Com alguma abstracção e síntese, os argumentos da recorrente para defender a
inconstitucionalidade da norma acima transcrita podem reconduzir-se a três: um
de concepção, outro de técnica e outro de método.
No plano de concepção, diríamos, porque entende a recorrente que, importando
tributar a capacidade contributiva, “o § 4.º do artigo 19.º do CIMSISD ofende,
manifestamente, este princípio constitucional, porquanto impede a recorrente de,
mesmo provando a veracidade dos valores declarados na escritura, ser tributada
pelo valor real do negócio realizado”.
No plano da técnica, porque constituiria, no seu entender, uma relação idêntica
a uma presunção inilidível de rendimento, o que o Tribunal Constitucional já
censurou no Acórdão n.º 348/97 (publicado em Acórdãos do Tribunal
Constitucional, 36.º vol., pp. 911-922).
No plano do método, porque a norma implica o recurso a Comissões de Avaliação em
que “a Administração Fiscal tem sempre a maioria, cabendo-lhe a decisão final
acerca do valor a atribuir ao bem.”
Nenhum dos argumentos é, porém, procedente no sentido da inconstitucionalidade
da norma em questão.
4.Começando pelo último, dir-se-á que tem de ser liminarmente afastado: se a
recorrente tinha algumas dúvidas quanto à conformidade constitucional da
constituição, modo de intervenção ou funcionamento das Comissões de Avaliação,
tinha o ónus de as ter suscitado a propósito das normas que as regem, e não a
propósito da norma que impugnou. Não o tendo feito, as reservas que formula em
relação a elas não têm cabimento para o objecto do recurso que trouxe a este
Tribunal.
5.Não há, também, nenhuma similitude essencial entre a técnica das presunções
inilidíveis de que o legislador fiscal lançou mão, em 1982, para tributar mútuos
e aberturas de crédito efectuadas pelas sociedades a favor dos sócios, e a
prevalência dos valores de avaliação sobre os declarados nas escrituras de
compra e venda de imóveis. Nos mútuos e aberturas de créditos pelas sociedades
aos seus sócios há transferências patrimoniais temporárias, como que “em
circuito fechado”, que podem ter diferentes significados económicos. O que o
Tribunal Constitucional censurou não foi a presunção de uma certa implicação
fiscal, mas sim a impossibilidade de comprovar que essa implicação fiscal não
devia ocorrer.
No caso dos autos, está-se apenas perante uma forma especial da regra geral
formulada no § 2.º do artigo 19.º do CIMSISD:
“o valor dos bens será o preço convencionado pelos contratantes ou o valor
patrimonial, se for maior.”
Quando a recorrente insiste em querer fazer prevalecer o preço declarado sobre a
avaliação esquece que, no sistema de tributação da transferência de propriedade
de imóveis adoptado no Código da Sisa, o preço de venda, mesmo sendo real (não
esteve em causa que não fosse), cedia perante outros índices quando estes fossem
mais elevados, nos termos do referido no § 2.º, de diversas das regras do § 3.º
e do § 4.º do referido artigo 19.º.
Ora, no contexto de um princípio geral de prevalência do valor mais alto, é
evidente que a aproximação da lógica da avaliação por uma Comissão ad hoc a uma
presunção inilidível não tem qualquer fundamento. Em tal lógica, a estar alguma
coisa mal na norma do § 4.º do artigo 19.º do CIMSISD, não seria a previsão de o
valor determinado pelas Comissões de Avaliação prevalecer sobre o preço
convencionado quando este fosse inferior, mas sim a própria regra da prevalência
do maior valor – de que tal § 4.º era apenas um caso especial.

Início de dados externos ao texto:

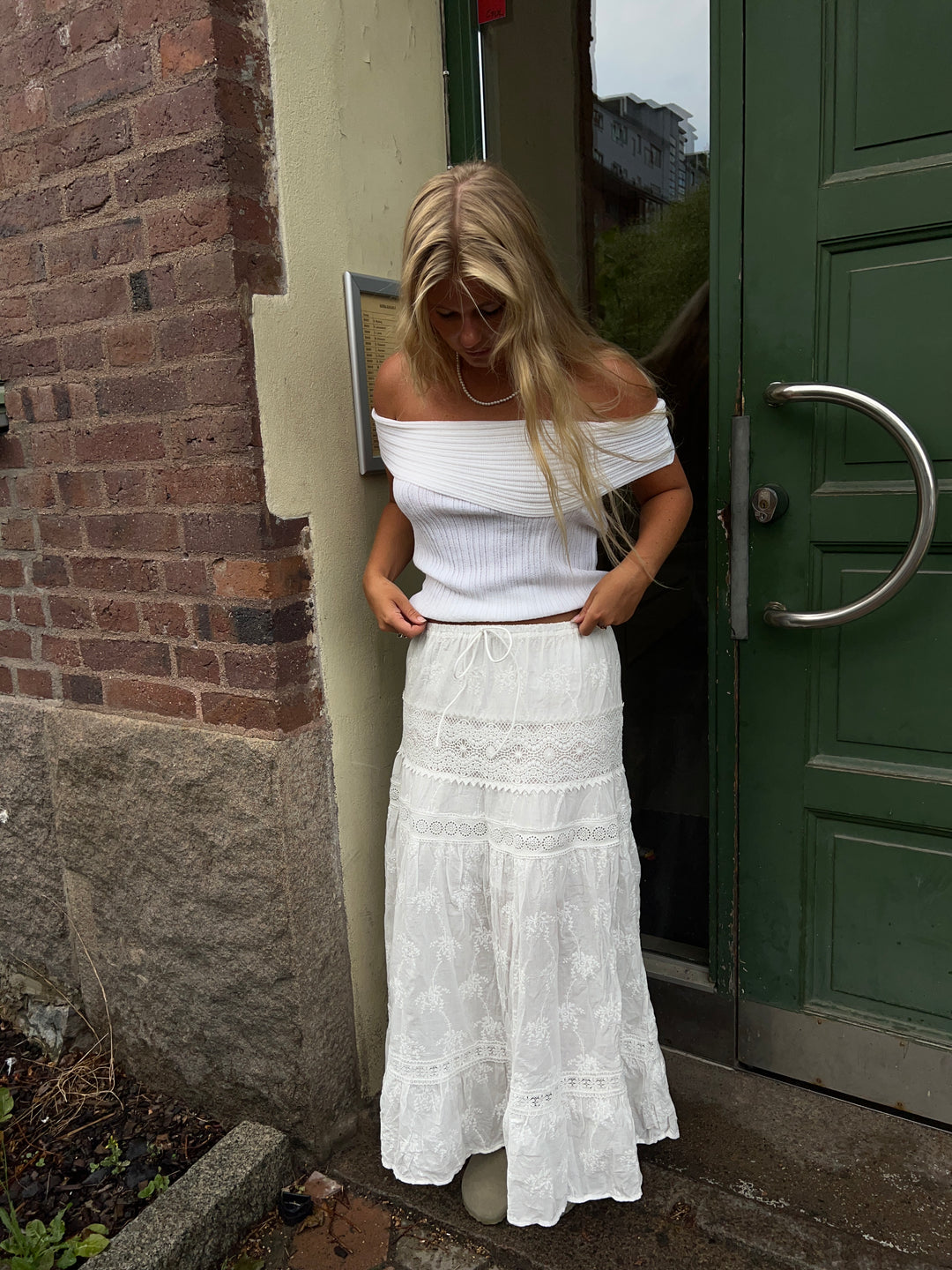 Kaya blonde maxi nederdel - Hvid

6.O que se disse, em consequência, remete para o primeiro argumento da
recorrente, esse de âmbito mais alargado: em todos os casos em que se dê
prevalência a um valor mais alto, sendo inferior o preço pago – e, mais
especificamente, no caso dos autos –, não se estaria o imposto a desviar da
capacidade contributiva e da tributação pelo valor real?
É evidente, porém, que tal argumento assenta no pressuposto de uma equiparação
do valor real ao que é pago, quando o legislador, para efeitos de tributação de
transmissão de imóveis, preferiu equiparar o valor real ao mais alto dos índices
que o permitissem revelar, fosse ele o preço ou outro qualquer.

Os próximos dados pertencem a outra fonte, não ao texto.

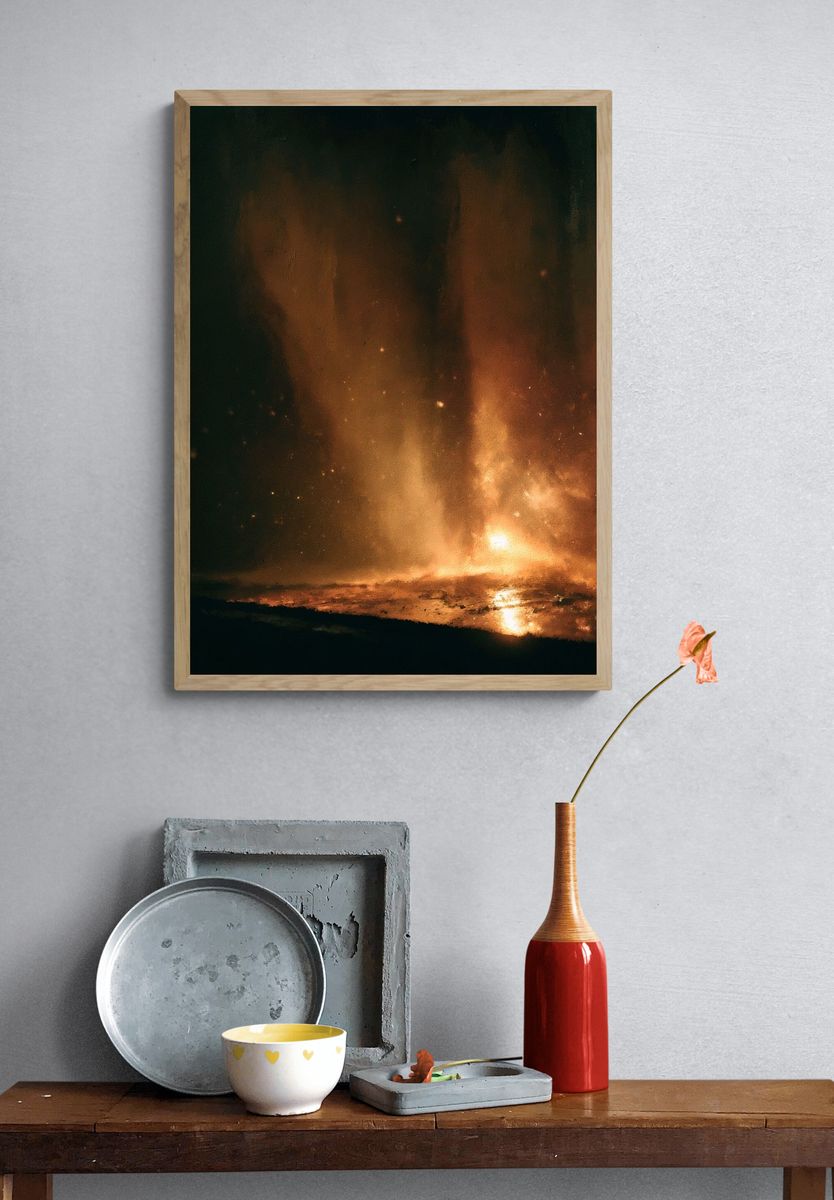 Molten Ember Abstract Poster. — room view 3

Ora, não só não é demonstrável que o preço tenha de reflectir sempre melhor do
que esses outros índices o valor real do bem que é transaccionado, como nem
sequer a tributação (da transmissão) do património está sujeita aos princípios
constitucionais da tributação do rendimento, que (e expressamente só prevista
para o caso das empresas) incide fundamentalmente sobre o rendimento real.
Naturalmente, não é pelo facto de a recorrente ser uma empresa que tal princípio
se estende às suas aquisições de imóveis.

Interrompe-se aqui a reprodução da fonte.